- [Your task]:
The answer must be one number: how many lines below contain the word "show".

- [Data for this exercise]:

====================

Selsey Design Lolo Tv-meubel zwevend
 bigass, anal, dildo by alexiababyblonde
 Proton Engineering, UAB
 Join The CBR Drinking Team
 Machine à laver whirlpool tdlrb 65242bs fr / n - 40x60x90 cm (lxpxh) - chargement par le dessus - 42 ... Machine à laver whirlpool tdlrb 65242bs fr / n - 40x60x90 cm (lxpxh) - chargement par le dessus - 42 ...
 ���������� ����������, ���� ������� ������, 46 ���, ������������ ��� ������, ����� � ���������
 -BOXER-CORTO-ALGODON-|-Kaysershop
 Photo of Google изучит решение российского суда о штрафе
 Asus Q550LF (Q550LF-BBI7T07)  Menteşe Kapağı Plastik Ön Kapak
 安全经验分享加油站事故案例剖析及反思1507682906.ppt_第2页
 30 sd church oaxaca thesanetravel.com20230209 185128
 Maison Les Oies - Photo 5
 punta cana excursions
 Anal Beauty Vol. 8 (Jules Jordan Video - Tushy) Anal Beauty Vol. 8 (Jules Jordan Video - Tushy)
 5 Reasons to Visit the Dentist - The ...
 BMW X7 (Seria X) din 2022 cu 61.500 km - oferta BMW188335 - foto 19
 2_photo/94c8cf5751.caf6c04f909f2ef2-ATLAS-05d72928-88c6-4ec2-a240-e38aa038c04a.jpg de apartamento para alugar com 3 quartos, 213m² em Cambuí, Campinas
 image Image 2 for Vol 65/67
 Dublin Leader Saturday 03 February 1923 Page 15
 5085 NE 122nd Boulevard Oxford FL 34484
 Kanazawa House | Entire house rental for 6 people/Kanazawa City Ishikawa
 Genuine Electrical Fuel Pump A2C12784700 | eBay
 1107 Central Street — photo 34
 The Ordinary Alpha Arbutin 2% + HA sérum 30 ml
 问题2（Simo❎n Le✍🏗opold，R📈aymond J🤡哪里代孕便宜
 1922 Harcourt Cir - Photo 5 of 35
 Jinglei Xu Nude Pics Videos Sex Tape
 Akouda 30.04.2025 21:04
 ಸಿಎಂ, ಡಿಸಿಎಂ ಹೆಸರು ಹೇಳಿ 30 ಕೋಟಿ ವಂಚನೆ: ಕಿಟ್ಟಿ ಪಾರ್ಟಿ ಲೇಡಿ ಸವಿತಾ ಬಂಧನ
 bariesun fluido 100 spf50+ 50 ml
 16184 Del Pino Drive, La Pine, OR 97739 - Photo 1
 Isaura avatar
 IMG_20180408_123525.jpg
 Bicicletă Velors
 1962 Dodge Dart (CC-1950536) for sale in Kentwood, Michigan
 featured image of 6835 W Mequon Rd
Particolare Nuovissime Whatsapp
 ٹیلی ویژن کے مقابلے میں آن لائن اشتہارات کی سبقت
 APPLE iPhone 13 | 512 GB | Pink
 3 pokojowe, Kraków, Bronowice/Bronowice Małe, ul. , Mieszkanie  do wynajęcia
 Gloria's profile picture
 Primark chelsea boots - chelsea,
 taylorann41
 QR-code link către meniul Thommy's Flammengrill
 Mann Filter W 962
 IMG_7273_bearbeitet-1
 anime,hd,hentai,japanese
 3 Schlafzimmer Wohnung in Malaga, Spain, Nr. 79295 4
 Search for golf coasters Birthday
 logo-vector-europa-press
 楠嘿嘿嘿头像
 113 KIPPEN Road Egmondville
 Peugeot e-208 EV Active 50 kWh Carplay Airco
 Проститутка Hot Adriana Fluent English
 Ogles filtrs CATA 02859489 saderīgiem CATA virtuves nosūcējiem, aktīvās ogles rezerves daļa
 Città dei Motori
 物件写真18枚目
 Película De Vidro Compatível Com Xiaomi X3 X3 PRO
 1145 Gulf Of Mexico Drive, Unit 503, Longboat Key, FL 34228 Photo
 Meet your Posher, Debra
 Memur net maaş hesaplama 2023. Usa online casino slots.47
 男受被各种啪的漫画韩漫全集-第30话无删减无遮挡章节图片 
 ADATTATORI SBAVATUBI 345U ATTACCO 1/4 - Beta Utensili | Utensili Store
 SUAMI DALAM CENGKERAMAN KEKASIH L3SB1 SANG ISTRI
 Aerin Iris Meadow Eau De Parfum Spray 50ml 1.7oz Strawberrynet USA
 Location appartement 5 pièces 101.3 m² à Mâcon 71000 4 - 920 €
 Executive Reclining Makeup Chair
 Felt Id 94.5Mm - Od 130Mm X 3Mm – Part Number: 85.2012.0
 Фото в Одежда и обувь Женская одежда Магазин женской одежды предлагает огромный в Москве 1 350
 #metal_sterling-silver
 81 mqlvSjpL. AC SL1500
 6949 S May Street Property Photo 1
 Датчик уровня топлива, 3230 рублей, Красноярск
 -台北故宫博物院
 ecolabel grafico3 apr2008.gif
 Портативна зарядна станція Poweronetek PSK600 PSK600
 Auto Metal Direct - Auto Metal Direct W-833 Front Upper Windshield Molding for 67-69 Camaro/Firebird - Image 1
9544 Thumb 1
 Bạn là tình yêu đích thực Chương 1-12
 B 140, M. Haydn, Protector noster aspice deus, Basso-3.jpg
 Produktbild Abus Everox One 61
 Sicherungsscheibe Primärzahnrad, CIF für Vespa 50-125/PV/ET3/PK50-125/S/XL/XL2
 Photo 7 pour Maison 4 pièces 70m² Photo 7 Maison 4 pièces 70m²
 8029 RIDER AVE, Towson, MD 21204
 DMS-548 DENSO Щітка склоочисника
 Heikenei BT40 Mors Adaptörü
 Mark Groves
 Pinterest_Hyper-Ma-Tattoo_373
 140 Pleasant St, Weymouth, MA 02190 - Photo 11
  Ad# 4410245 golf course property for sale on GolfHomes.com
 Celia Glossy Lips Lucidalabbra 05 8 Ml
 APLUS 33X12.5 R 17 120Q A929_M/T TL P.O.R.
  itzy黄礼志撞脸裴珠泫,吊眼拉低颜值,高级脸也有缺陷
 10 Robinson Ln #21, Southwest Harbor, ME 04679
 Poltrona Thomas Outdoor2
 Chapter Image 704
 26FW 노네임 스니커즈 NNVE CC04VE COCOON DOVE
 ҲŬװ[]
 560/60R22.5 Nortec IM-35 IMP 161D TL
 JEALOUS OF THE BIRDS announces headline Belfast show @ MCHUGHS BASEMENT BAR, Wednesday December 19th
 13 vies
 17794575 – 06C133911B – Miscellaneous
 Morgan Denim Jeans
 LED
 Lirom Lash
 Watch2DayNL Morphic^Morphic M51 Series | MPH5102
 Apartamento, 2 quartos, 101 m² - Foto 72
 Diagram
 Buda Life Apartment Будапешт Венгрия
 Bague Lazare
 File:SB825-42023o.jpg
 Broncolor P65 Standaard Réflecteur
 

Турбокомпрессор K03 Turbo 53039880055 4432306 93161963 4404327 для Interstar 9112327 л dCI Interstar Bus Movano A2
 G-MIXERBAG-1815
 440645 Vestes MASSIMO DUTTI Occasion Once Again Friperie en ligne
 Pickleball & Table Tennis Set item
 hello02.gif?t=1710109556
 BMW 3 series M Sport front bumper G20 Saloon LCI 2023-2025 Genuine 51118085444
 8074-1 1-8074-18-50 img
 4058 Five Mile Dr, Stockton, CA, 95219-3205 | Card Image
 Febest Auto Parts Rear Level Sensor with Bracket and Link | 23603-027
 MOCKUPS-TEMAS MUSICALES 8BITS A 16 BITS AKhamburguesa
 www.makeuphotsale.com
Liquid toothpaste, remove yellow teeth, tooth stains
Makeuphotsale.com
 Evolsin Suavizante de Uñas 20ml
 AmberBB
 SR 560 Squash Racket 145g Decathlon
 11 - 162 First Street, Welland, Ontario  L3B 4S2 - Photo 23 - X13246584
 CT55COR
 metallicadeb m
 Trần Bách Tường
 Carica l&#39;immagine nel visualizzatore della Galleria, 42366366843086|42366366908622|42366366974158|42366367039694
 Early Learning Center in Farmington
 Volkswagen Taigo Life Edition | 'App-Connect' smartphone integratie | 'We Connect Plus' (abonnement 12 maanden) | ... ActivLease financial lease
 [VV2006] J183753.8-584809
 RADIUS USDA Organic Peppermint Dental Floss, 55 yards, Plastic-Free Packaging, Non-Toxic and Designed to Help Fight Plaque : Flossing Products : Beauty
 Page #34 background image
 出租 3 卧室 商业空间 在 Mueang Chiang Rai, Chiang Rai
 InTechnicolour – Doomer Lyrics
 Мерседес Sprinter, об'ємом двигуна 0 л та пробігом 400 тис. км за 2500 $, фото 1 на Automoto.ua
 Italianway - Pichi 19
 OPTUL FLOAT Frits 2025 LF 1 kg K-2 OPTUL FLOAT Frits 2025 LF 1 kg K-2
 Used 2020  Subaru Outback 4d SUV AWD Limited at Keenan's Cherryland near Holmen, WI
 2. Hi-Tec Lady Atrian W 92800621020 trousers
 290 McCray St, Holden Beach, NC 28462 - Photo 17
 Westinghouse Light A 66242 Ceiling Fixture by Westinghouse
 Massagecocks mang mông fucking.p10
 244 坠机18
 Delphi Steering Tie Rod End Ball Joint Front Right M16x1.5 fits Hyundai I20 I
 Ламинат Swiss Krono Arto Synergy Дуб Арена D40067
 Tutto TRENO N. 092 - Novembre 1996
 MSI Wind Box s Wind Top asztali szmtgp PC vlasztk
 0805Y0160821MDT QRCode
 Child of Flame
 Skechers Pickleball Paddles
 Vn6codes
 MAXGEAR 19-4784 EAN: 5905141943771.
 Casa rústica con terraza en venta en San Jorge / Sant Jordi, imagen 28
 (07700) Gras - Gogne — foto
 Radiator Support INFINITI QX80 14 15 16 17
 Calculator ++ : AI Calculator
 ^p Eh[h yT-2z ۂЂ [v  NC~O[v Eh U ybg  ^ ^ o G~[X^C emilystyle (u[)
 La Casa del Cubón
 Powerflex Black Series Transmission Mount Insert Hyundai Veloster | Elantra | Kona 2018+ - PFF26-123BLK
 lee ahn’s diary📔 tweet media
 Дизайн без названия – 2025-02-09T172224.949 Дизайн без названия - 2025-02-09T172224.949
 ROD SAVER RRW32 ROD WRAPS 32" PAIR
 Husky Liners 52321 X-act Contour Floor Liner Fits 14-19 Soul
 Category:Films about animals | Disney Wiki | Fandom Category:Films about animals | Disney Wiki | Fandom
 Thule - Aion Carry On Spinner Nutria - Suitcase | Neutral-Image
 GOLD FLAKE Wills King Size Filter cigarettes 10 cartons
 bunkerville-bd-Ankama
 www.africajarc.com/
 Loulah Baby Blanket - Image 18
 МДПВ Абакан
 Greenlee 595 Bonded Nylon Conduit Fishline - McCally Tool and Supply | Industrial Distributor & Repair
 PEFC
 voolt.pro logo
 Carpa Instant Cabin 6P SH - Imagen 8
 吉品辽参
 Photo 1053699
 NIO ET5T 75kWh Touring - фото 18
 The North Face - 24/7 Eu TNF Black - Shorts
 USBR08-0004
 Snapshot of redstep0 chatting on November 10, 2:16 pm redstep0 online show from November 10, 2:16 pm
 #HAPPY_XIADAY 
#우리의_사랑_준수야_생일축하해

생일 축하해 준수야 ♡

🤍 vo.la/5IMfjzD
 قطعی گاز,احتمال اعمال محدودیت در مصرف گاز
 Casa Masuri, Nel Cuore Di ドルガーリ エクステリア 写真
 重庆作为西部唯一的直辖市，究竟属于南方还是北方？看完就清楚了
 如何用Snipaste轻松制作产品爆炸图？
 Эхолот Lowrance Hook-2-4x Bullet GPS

====================

- [Solved exercise]:
2